The hard shell, far from protecting the vital principle, condemns it to die down slowly and be gradually chilled; immortality in such a case must have been secured earlier, by giving birth to a generation plastic to the contemporary world and able to retain its lessons. Thus old age is as forgetful as youth, and more incorrigible; it displays the same inattentiveness to conditions; its memory becomes self-repeating and degenerates into an instinctive reaction, like a bird's chirp.

Not all readaptation, however, is progress, for ideal identity must not be lost. The Latin language did not progress when it passed into Italian. It died. Its amiable heirs may console us for its departure, but do not remove the fact that their parent is extinct. So every individual, nation, and religion has its limit of adaptation; so long as the increment it receives is digestible, so long as the organisation already attained is extended and elaborated without being surrendered, growth goes on; but when the foundation itself shifts, when what is gained at the periphery is lost at the centre, the flux appears again and progress is not real. Thus a succession of generations or languages
or religions constitutes no progress unless some ideal present at the beginning is transmitted to the end and reaches a better expression there; without this stability at the core no common standard exists and all comparison of value with value must be external and arbitrary.
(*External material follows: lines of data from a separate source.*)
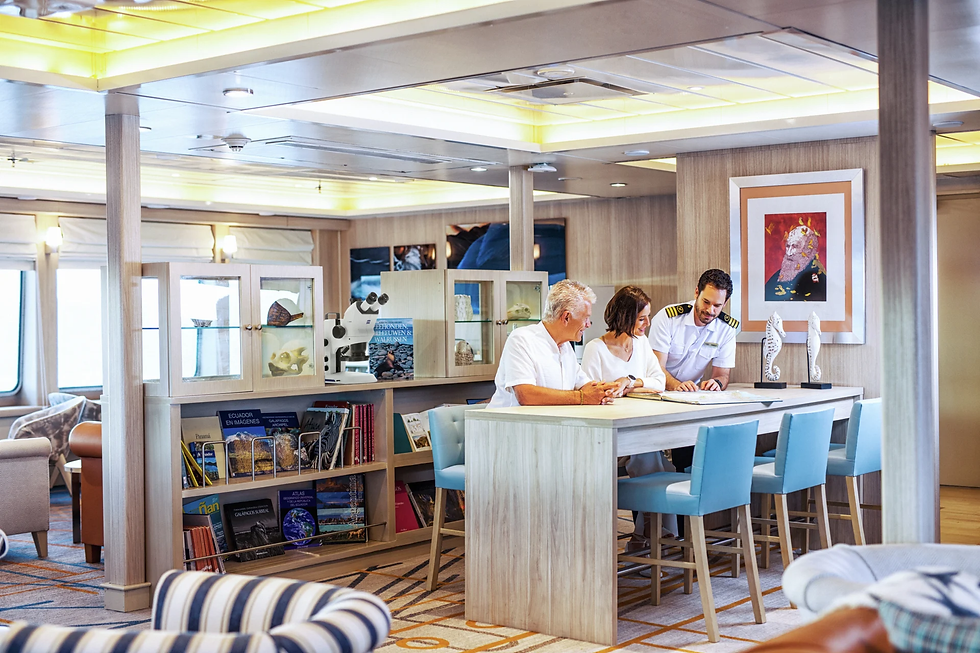 Life on board in a discovery centre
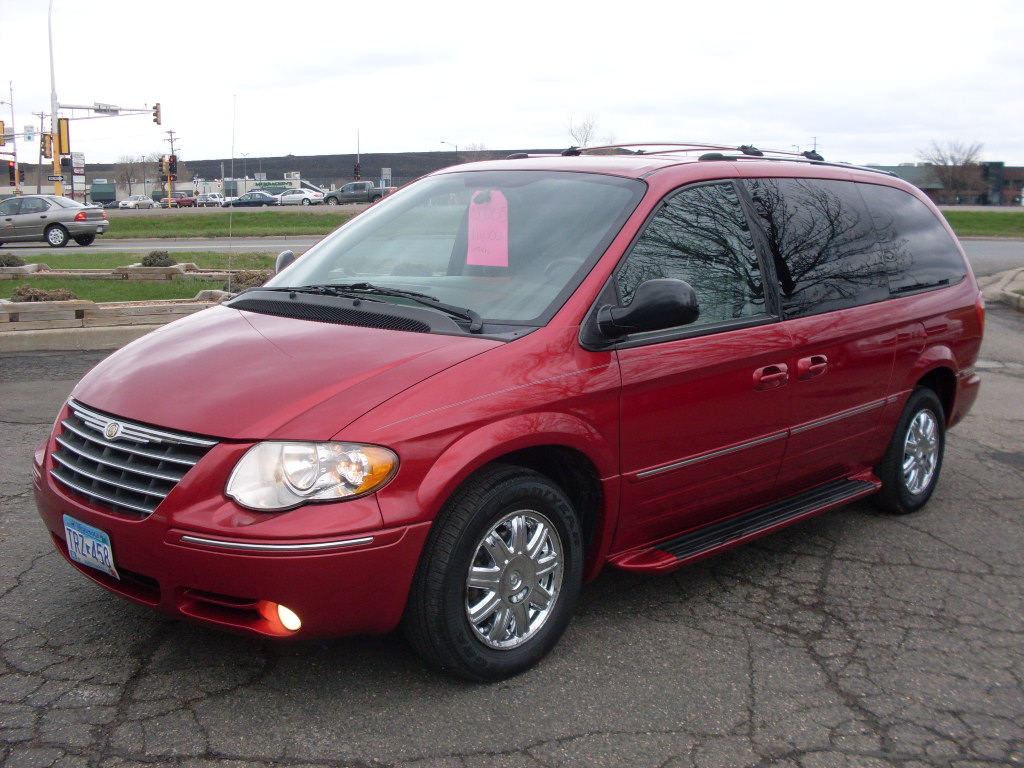 Ride Auto: 2005 Town & Country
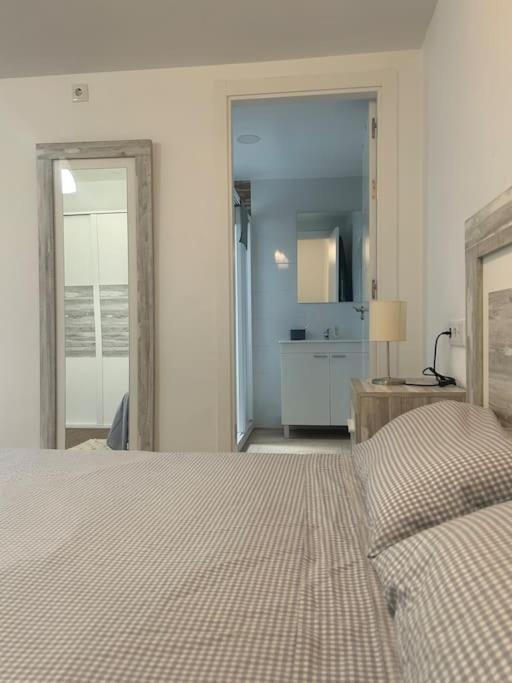 Petite California Duenas Apartamento Sevilha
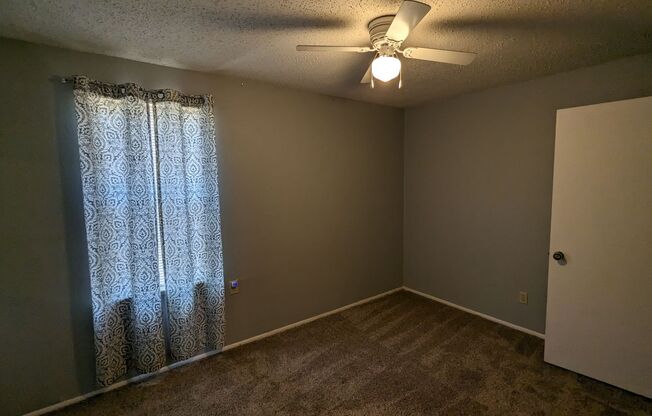 3 beds, 1 bath, $1,200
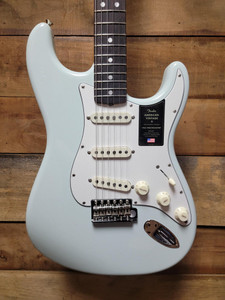 Fender American Vintage II 1965 Stratocaster Rosewood Fingerboard Electric Guitar - Sonic Blue w/ Hard Case Fender American Vintage II 1965 Stratocaster Rosewood Fingerboard Electric Guitar - Sonic Blue w/ Hard Case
Retentiveness, we must repeat, is the condition of progress.
Sanatayana’s insistence on retentiveness as a condition of progress is really of little value. It simply is a precondition for us to be able to say that we have made progress. Progeress judgments work like this: We have to be able to make a comparison between the way things were and the way things currently are. We than make a normative judgment about the state of affairs today compared to that of the original reference point. If we do not “remember the past,” then we cannot say we have improved on the past because we have no basis for measurement. It is only in this sense that we are “condemned to repeat” the past: we are at a point without reference. We are “unstuck in time” as Kurt Vonnegut poignantly described Billy Pilgrim in Slaughterhouse Five.